Segundo os pesquisadores, o local funcionou por cerca de 175 anos como cemitério de pessoas que viviam à margem da sociedade, como escravizados, pobres, indigentes, não batizados, excomungados, suicidas, prostitutas, criminosos e insurgentes — entre eles, líderes da Revolta dos Malês.
“É um tema de relevância para a formação da memória social e coletiva da Bahia e do país, pois estamos falando de séculos em que pessoas foram retiradas de seu território de maneira forçada para serem escravizadas e que tiveram seus laços quebrados e memórias apagadas”, afirmou a arqueóloga Jeanne Almeida, responsável pelo estudo.

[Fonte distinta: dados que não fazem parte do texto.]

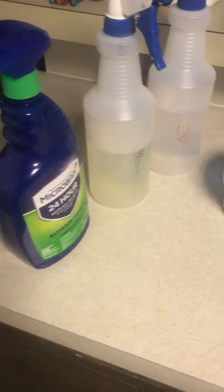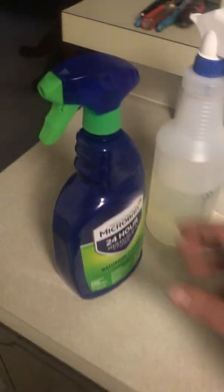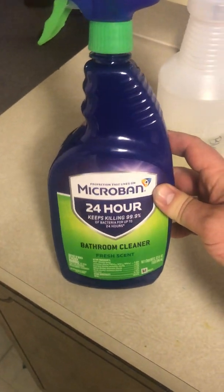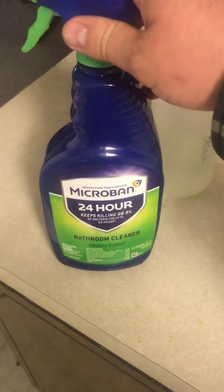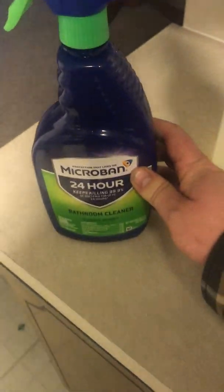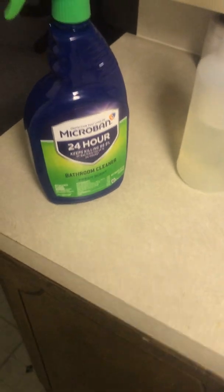The first thing is finding somewhere clean — you want to keep your work area clean. I've recently started using this stuff just to clean countertops before I work. It says that it kills bacteria for up to a day; whether or not that's true I don't know, but it seems to work pretty good.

Estudos indicam mais de 100 mil corpos de escravizados sob estacionamento da Pupileira em Salvador
Atualmente, a área é utilizada como estacionamento. A partir da recomendação do Instituto do Patrimônio Histórico e Artístico Nacional (Iphan), o MPBA irá solicitar à Santa Casa a suspensão imediata do uso do espaço.

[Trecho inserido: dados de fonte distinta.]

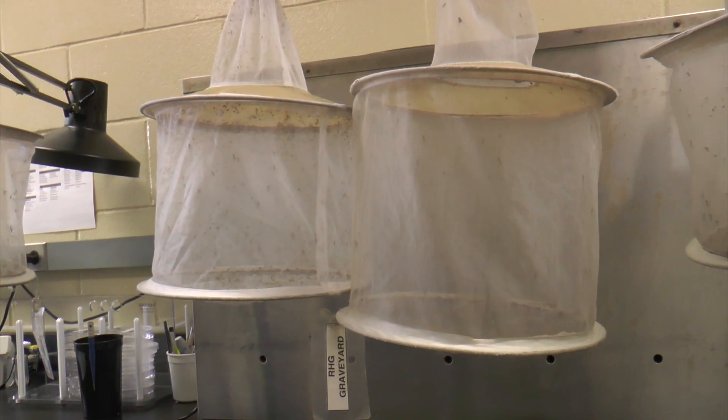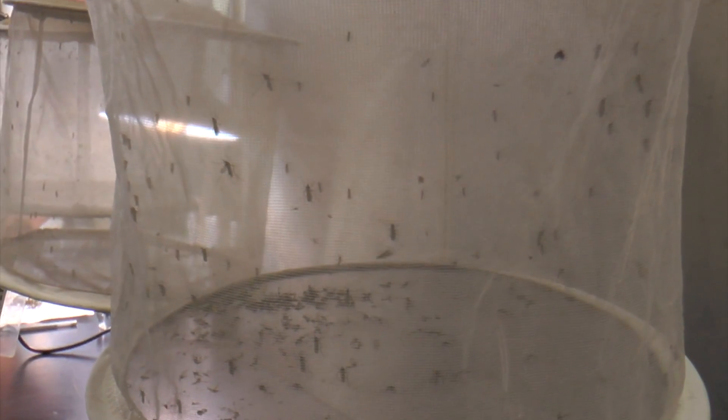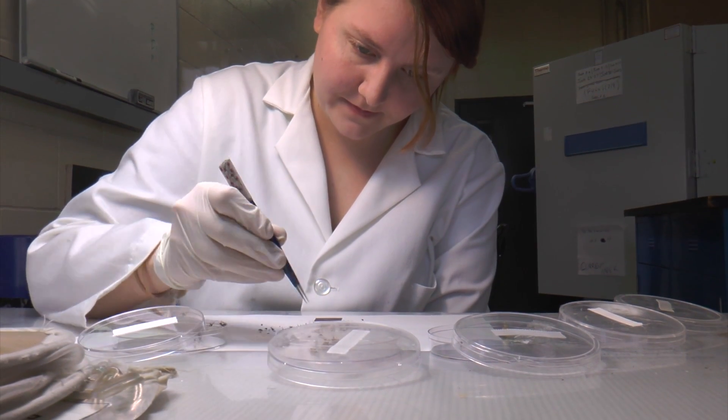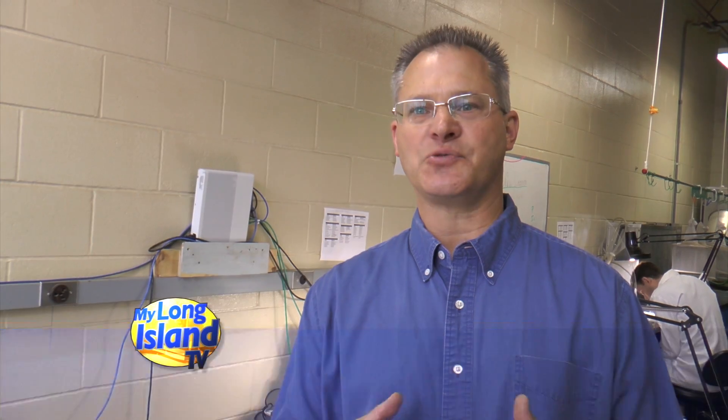These are the traps that went out last night. They came from different areas in Suffolk County. We're processing the traps, picking out the female mosquitoes. We're going to identify them to species, look at what we have in each trap, pick what we want to test, and send it up to the New York State Arbor Virus Lab for testing.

“Nosso objetivo é garantir a proteção do local enquanto sítio arqueológico de memória sensível e promover um processo de reparação histórica, rompendo o ciclo de silenciamento desses grupos”, disse o promotor de Justiça Alan Cedraz, coordenador do Núcleo de Defesa do Patrimônio Histórico, Artístico e Cultural (Nudephac).

Estudos indicam mais de 100 mil corpos de escravizados sob estacionamento da Pupileira em Salvador
A reunião contou ainda com as promotoras de Justiça Cristina Seixas e Lívia Sant’Anna Vaz, além de representantes da Santa Casa de Misericórdia, da Fundação Gregório de Mattos (FGM) e do Instituto do Patrimônio Artístico e Cultural da Bahia (Ipac).
A pesquisa, realizada entre os dias 13 e 23 de maio de 2025, identificou fragmentos ósseos humanos e materiais arqueológicos compatíveis com o antigo cemitério. O estudo integra um conjunto de ações iniciadas em dezembro de 2024, com a assinatura de um termo de cooperação técnica entre o MPBA, a Santa Casa e o grupo de pesquisadores.
A arquiteta e pesquisadora Silvana Olivieri e o advogado e professor Samuel Vida reforçaram a importância de reconhecer o local como Sítio Arqueológico Cemitério dos Africanos, pedido já encaminhado ao Iphan. O órgão, por sua vez, recomendou a proteção integral da área e a criação de um memorial aberto ao público para preservar a memória das pessoas ali enterradas.